ACTION ITEM: Set the entries down again exactly; none may be skipped.
BEGIN EXTRACTED ENTRIES
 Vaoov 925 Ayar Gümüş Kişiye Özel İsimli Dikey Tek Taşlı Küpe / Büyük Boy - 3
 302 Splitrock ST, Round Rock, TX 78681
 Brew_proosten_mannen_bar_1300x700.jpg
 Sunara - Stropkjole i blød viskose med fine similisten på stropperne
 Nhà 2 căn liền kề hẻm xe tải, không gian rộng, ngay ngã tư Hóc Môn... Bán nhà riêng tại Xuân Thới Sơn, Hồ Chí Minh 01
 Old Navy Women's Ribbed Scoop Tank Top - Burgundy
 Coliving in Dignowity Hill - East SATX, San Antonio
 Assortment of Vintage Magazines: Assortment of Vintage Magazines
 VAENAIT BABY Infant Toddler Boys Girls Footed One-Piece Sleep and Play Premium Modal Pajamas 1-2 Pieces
END EXTRACTED ENTRIES
EXERCISE RESULT:
 Vaoov 925 Ayar Gümüş Kişiye Özel İsimli Dikey Tek Taşlı Küpe / Büyük Boy - 3
 302 Splitrock ST, Round Rock, TX 78681
 Brew_proosten_mannen_bar_1300x700.jpg
 Sunara - Stropkjole i blød viskose med fine similisten på stropperne
 Nhà 2 căn liền kề hẻm xe tải, không gian rộng, ngay ngã tư Hóc Môn... Bán nhà riêng tại Xuân Thới Sơn, Hồ Chí Minh 01
 Old Navy Women's Ribbed Scoop Tank Top - Burgundy
 Coliving in Dignowity Hill - East SATX, San Antonio
 Assortment of Vintage Magazines: Assortment of Vintage Magazines
 VAENAIT BABY Infant Toddler Boys Girls Footed One-Piece Sleep and Play Premium Modal Pajamas 1-2 Pieces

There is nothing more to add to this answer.